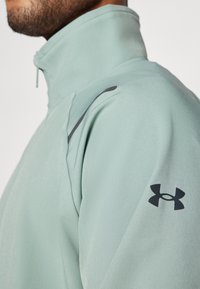 Svetle zelená sportovní bunda s vysokým límcem. Disponuje texturovanou tkaninou, černými akcenty a malým logem na rukávu.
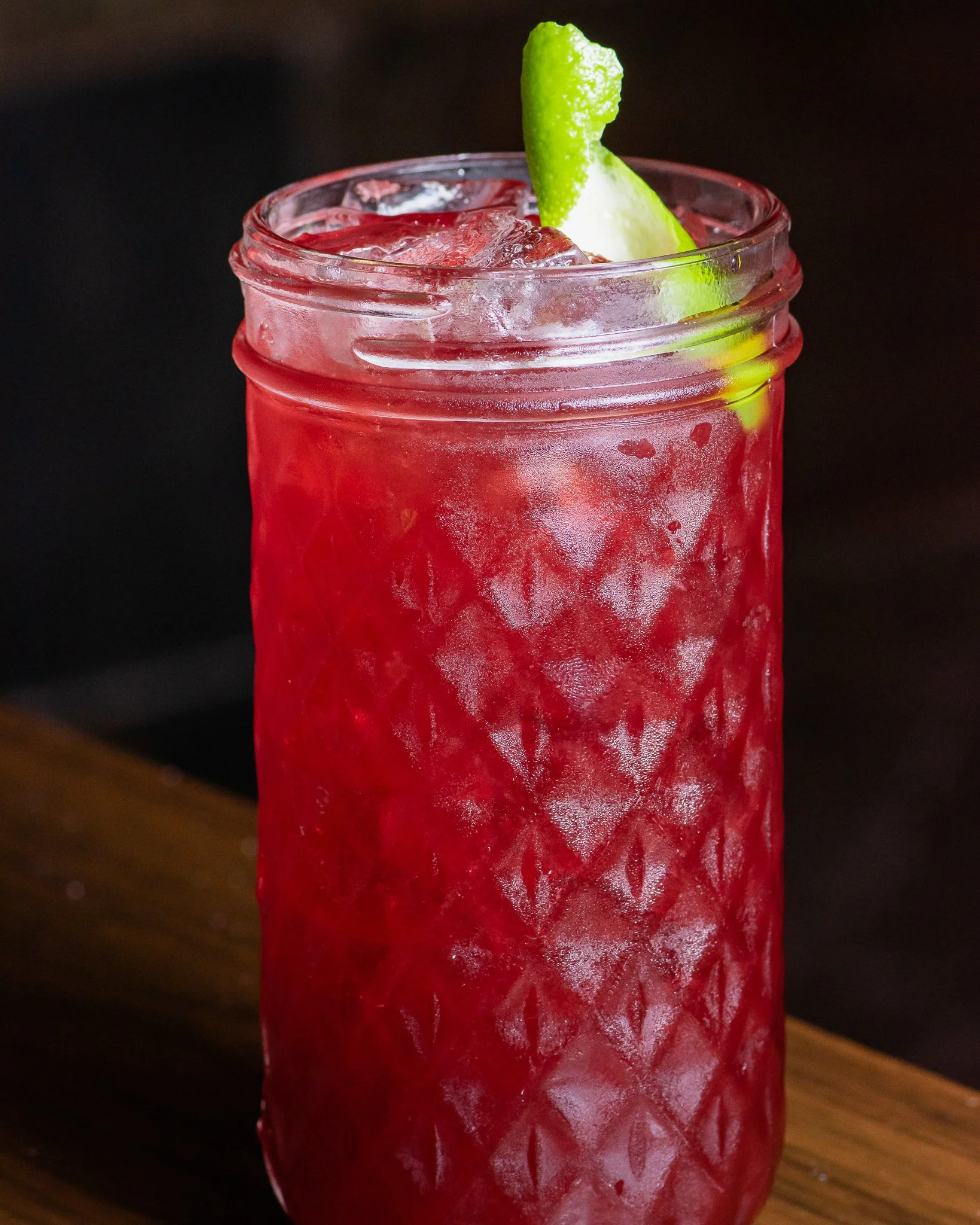 Vibrant hibiscus cocktail served in a textured glass with ice and a fresh lime zest garnish.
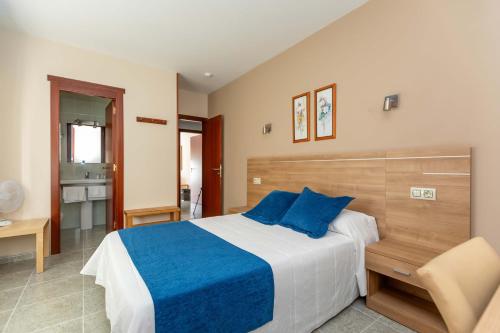 Cama o camas de una habitación en Hotel Foxos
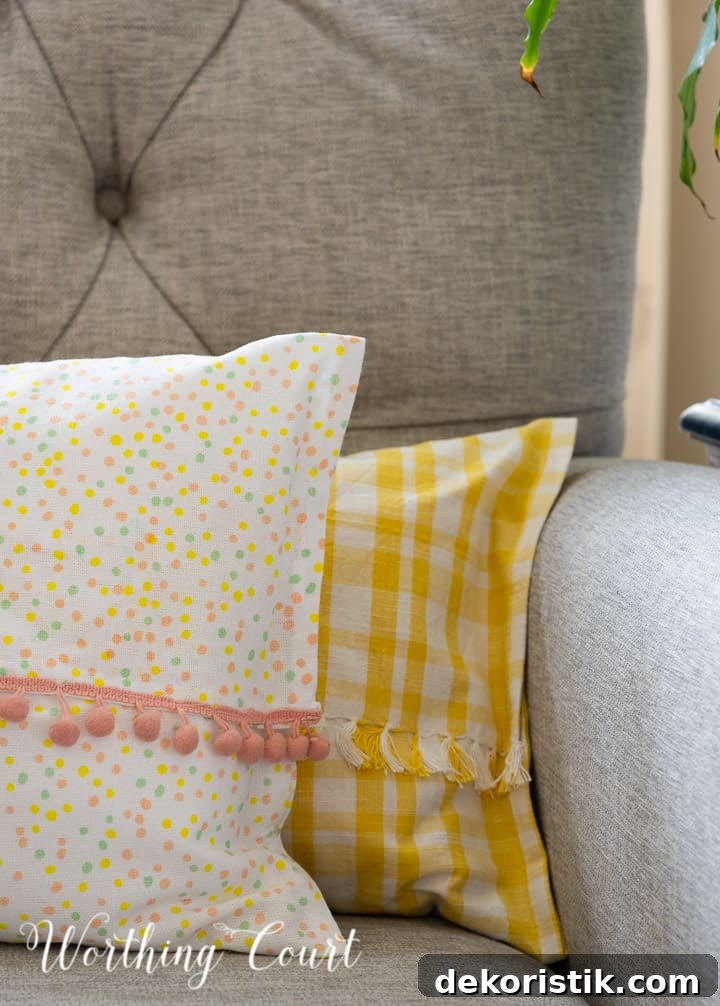 yellow and white and multi colored dots pillows in a gray chair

═══

(Try it):
Return the lines from the one that contains "Cama o camas" through the final line of the listing above, inclusive. Transcribe them exactly and drop the pictures.

(Result below):
 Cama o camas de una habitación en Hotel Foxos
 yellow and white and multi colored dots pillows in a gray chair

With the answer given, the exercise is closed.